On Being Debtless
In [THAG 255] there is the very interesting point to be found in these verses of Angulimala, a fierce bandit/murderer who was converted by Gotama, that is the statement:
[882.] Me who had wrought such direful deeds,
Fast going to my place of doom,
Me all that doing's aftermath,
Hath touched e'en here — and freed from debt
Now take I my allotted share.
We hear throughout the suttas the statement being made by newly-become Arahants that their debt is paid or that they are debtless.
This is a statement that they have become Arahant, and also that they have brought kamma to an end — that is, insofar as identified-with personal experience is concerned.

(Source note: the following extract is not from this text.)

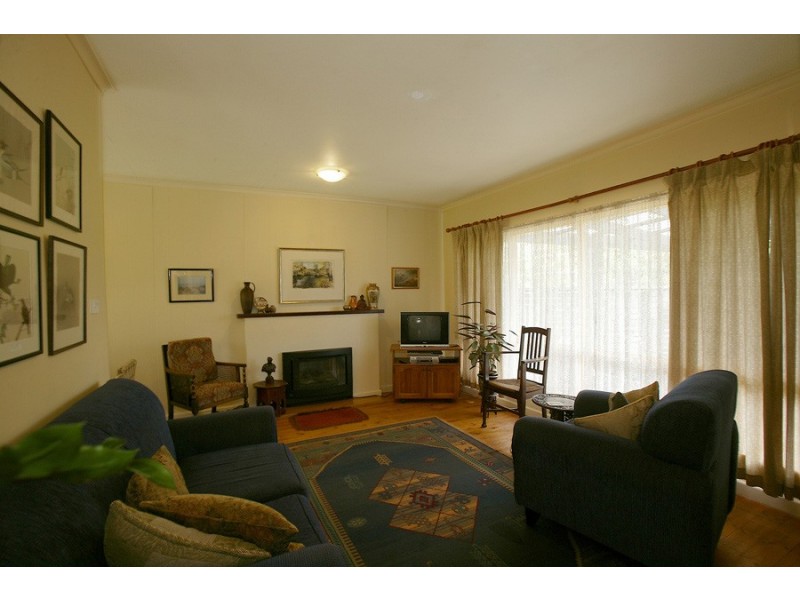 10 Kiloran Avenue, Kilsyth VIC 3137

Sometimes this happens very quickly, as within half a day. Here we get a tiny glympse of what process has brought about this debtlessness.
It is by way of bringing the mind into contact with that debt, so openeing the mind, so refusing to allow evasion and rationalization of badly done deeds that the experience of the consequences of former deeds are allowed to come forward and vent their full weight and thus expire.
Seen in the inverse, what is preventing the freedom of Nibbāna is maintaining a guard against experiencing the consequences of former deeds by evasion and rationalization.
In other words, all it requires, to attain Nibbāna is to let that stuff go and ride out whatever storm is the result.
It is also interesting to see in this episode the statement by Gotama to Angulimala that he should 'bear-up'.
Does this tell us that there is still, while the body remains some chance of not bearing up?
Elsewhere we are told that the distinction between the still-living arahant and the ordinary person is that while pain occurs to both, for the arahant there is no anguishing over the pain, no mental suffering.
There is another interesting thing that goes on in this sutta when the Buddha suggests that Angulimala do an 'act of truth' for the woman experiencing difficult labor.
He tells Angulimala to say that from the time he was born he was not aware of having done any harm to any living being.
Angulimala responds by questioning Gotama about how it would be possible for him to say this given his history.
The Buddha then tells him to say that from the time he was born as an Ariyan (Aristocrat) he was not aware of having done any harm to any living being.
One wonders if this were a test of Angulimala. He was not yet Arahant at this point.